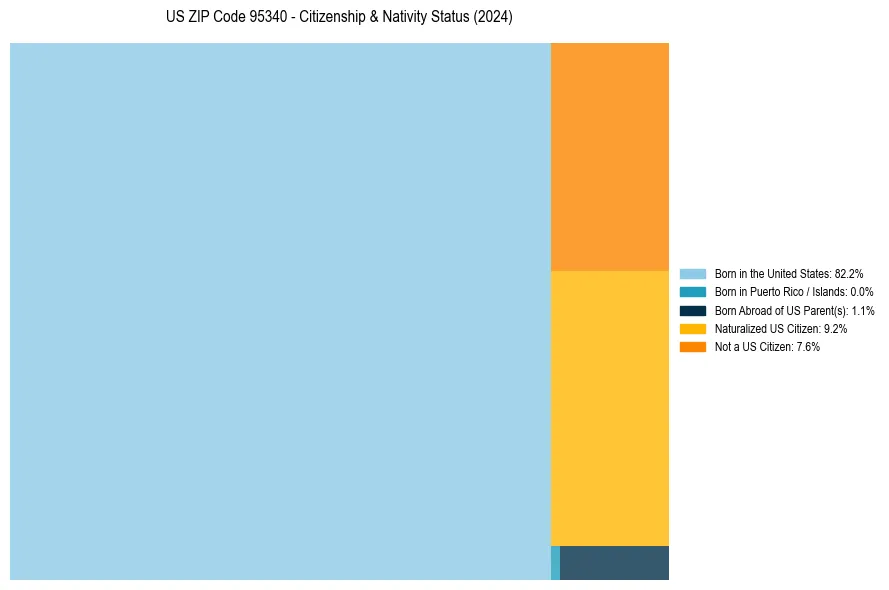 Nativity Treemap for 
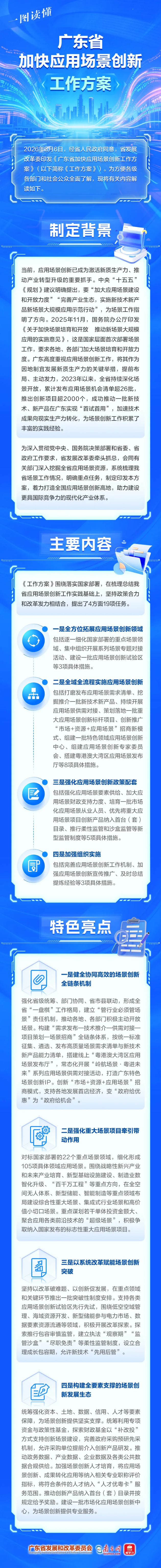 一图读懂-广东省加快应用场景创新工作方案.jpg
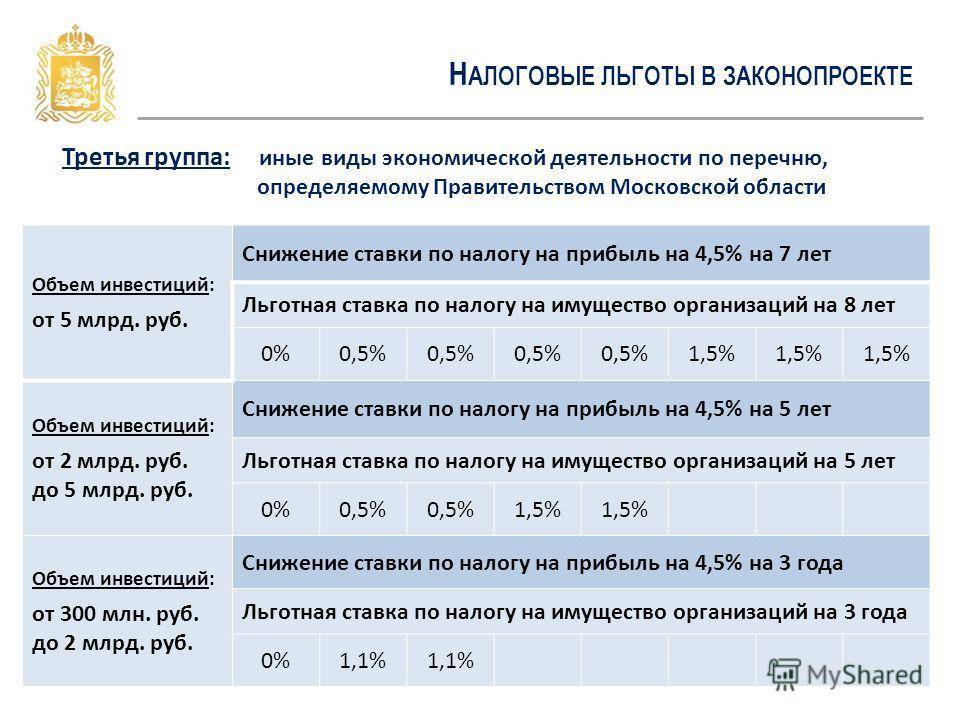 Земельный налог для пенсионеров в московской области - порядок получения льгот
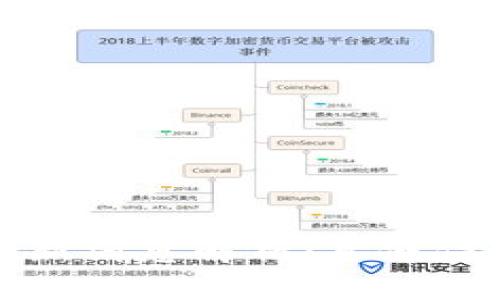 小狐钱包最新消息解析：真假信息如何辨别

→ Instructions for the task
In the copy you write, the data above must appear exactly, with no pictures.

→ Answer box
 Nativity Treemap for 
 一图读懂-广东省加快应用场景创新工作方案.jpg
 Земельный налог для пенсионеров в московской области - порядок получения льгот
 小狐钱包最新消息解析：真假信息如何辨别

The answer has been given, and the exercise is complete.